* [PROBLEM] Every line below is to be copied exactly, with the pictures left out.

* [DATASET EXCERPT]

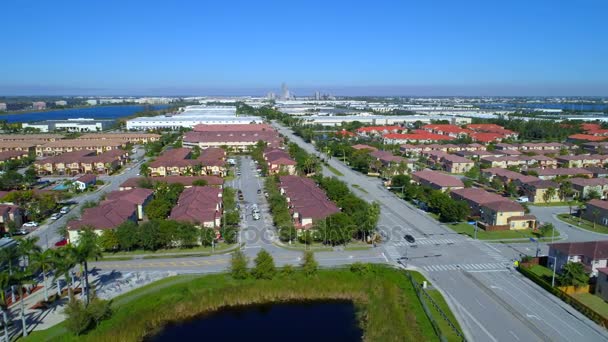 Aerial Laterala Footage Doral Bostadsområden 24P — Stockvideo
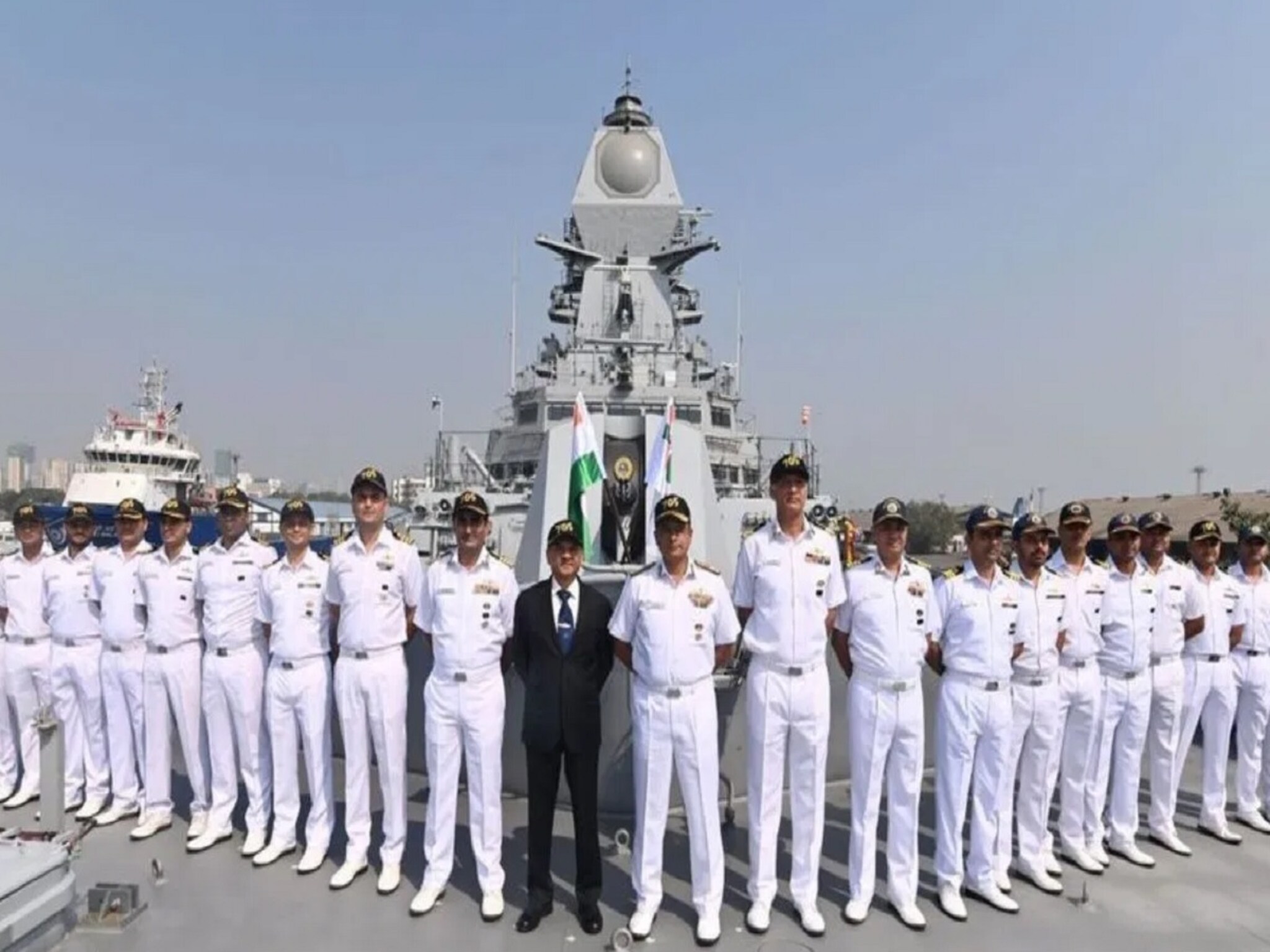 Indian Navy Recruitment : 'या' पदवीधरांना मिळेल नौदलात ऑफिसर होण्याची संधी; असा करा अर्ज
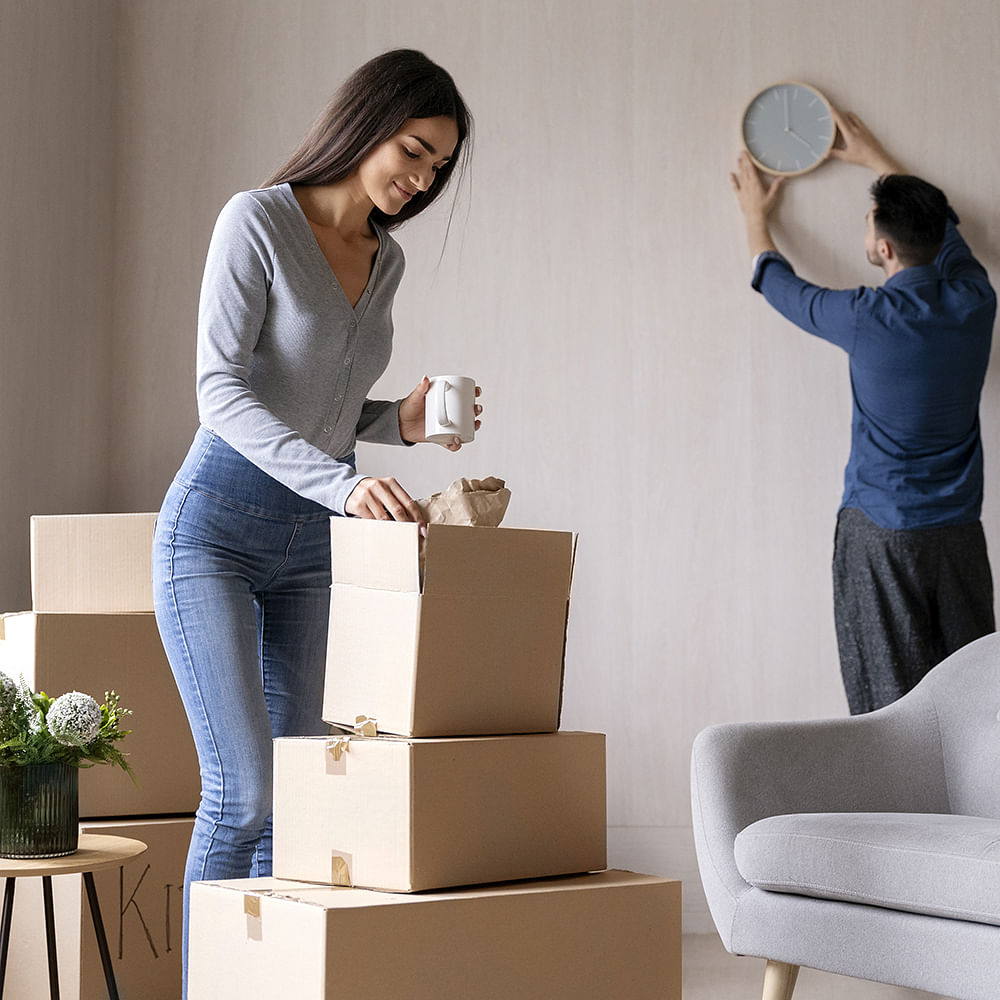 Arm,Flowerpot,Plant,Houseplant,Standing,Comfort,Gesture,Shipping box,Wood,Thigh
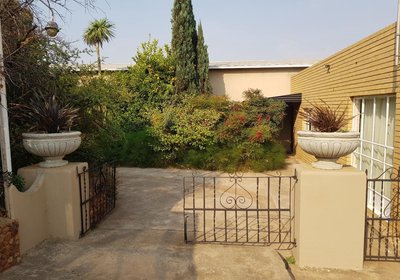 A Mountain View Country Estate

* [ANSWER TO THIS PROBLEM]
 Aerial Laterala Footage Doral Bostadsområden 24P — Stockvideo
 Indian Navy Recruitment : 'या' पदवीधरांना मिळेल नौदलात ऑफिसर होण्याची संधी; असा करा अर्ज
 Arm,Flowerpot,Plant,Houseplant,Standing,Comfort,Gesture,Shipping box,Wood,Thigh
 A Mountain View Country Estate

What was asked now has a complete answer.